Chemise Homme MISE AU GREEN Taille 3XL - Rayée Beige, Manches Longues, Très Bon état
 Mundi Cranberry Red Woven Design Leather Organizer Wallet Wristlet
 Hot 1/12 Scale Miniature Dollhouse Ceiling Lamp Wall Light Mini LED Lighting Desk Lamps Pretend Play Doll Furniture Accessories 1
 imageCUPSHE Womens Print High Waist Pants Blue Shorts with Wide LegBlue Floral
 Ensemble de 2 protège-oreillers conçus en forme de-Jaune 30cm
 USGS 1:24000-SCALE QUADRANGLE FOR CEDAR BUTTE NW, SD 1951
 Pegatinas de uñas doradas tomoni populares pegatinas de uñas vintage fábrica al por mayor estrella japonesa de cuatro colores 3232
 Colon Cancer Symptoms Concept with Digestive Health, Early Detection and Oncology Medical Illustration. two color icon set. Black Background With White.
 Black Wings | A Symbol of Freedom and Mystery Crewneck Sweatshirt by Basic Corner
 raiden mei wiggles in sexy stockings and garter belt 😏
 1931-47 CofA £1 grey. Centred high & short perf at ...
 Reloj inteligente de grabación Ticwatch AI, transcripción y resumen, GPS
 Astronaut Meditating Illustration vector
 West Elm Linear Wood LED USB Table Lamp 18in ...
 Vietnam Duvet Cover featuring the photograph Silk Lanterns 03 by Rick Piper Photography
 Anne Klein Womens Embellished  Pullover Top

## Assignment
Search the entries for "Black" and copy each matching line.

## Worked solution
 Colon Cancer Symptoms Concept with Digestive Health, Early Detection and Oncology Medical Illustration. two color icon set. Black Background With White.
 Black Wings | A Symbol of Freedom and Mystery Crewneck Sweatshirt by Basic Corner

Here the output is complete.